___ SOURCE MATERIAL ___
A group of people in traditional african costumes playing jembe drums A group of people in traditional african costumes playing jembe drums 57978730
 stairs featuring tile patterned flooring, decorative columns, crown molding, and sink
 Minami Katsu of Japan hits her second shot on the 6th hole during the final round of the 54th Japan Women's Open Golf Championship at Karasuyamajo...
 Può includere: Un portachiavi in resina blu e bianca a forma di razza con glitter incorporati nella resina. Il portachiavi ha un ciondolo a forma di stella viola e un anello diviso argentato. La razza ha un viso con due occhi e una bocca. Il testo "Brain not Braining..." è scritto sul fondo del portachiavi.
___
Write out the material exactly as given.

A group of people in traditional african costumes playing jembe drums A group of people in traditional african costumes playing jembe drums 57978730
 stairs featuring tile patterned flooring, decorative columns, crown molding, and sink
 Minami Katsu of Japan hits her second shot on the 6th hole during the final round of the 54th Japan Women's Open Golf Championship at Karasuyamajo...
 Può includere: Un portachiavi in resina blu e bianca a forma di razza con glitter incorporati nella resina. Il portachiavi ha un ciondolo a forma di stella viola e un anello diviso argentato. La razza ha un viso con due occhi e una bocca. Il testo "Brain not Braining..." è scritto sul fondo del portachiavi.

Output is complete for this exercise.